### [What to do]
In the entries that follow, find the line containing "Marco de Fotos" and the line containing "Watercolor Coloring Book", then copy exactly everything from the first through the second except the pictures.

*** Opening of Exercise material ***

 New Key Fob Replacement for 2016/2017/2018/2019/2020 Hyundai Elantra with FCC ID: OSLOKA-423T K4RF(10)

*** Close of Exercise material ***
*** Opening of Exercise material ***

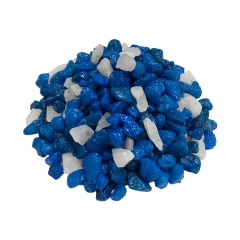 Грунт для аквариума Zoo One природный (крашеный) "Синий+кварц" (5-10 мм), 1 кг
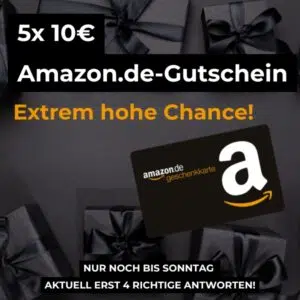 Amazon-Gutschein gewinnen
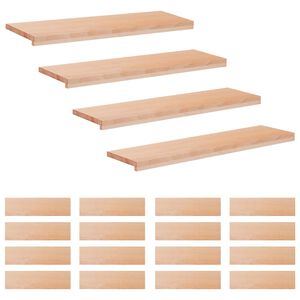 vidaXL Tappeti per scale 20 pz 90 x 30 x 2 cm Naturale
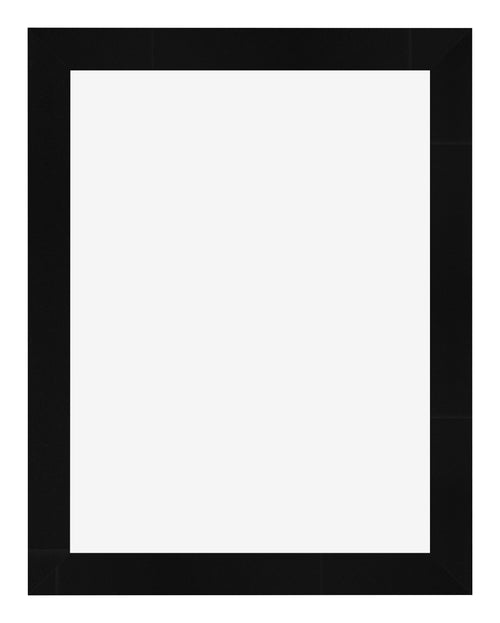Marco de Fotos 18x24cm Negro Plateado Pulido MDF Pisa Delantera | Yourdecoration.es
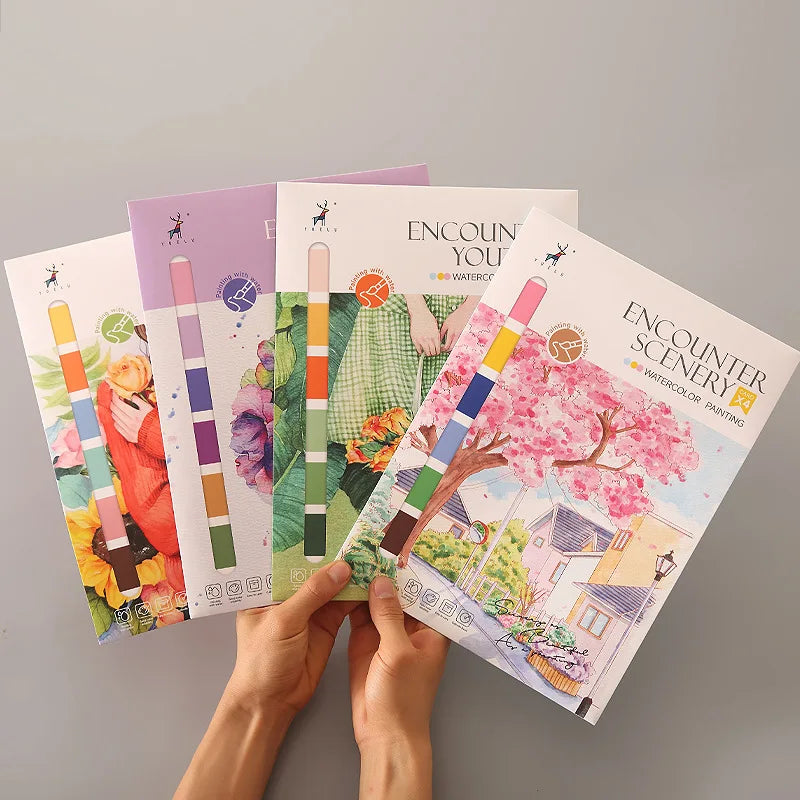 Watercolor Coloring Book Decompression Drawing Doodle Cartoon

*** Close of Exercise material ***
*** Opening of Exercise material ***

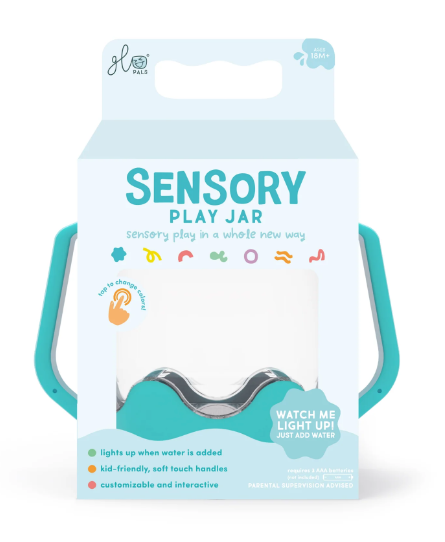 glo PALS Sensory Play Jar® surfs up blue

*** Close of Exercise material ***

### [Answer for the task]
Marco de Fotos 18x24cm Negro Plateado Pulido MDF Pisa Delantera | Yourdecoration.es
 Watercolor Coloring Book Decompression Drawing Doodle Cartoon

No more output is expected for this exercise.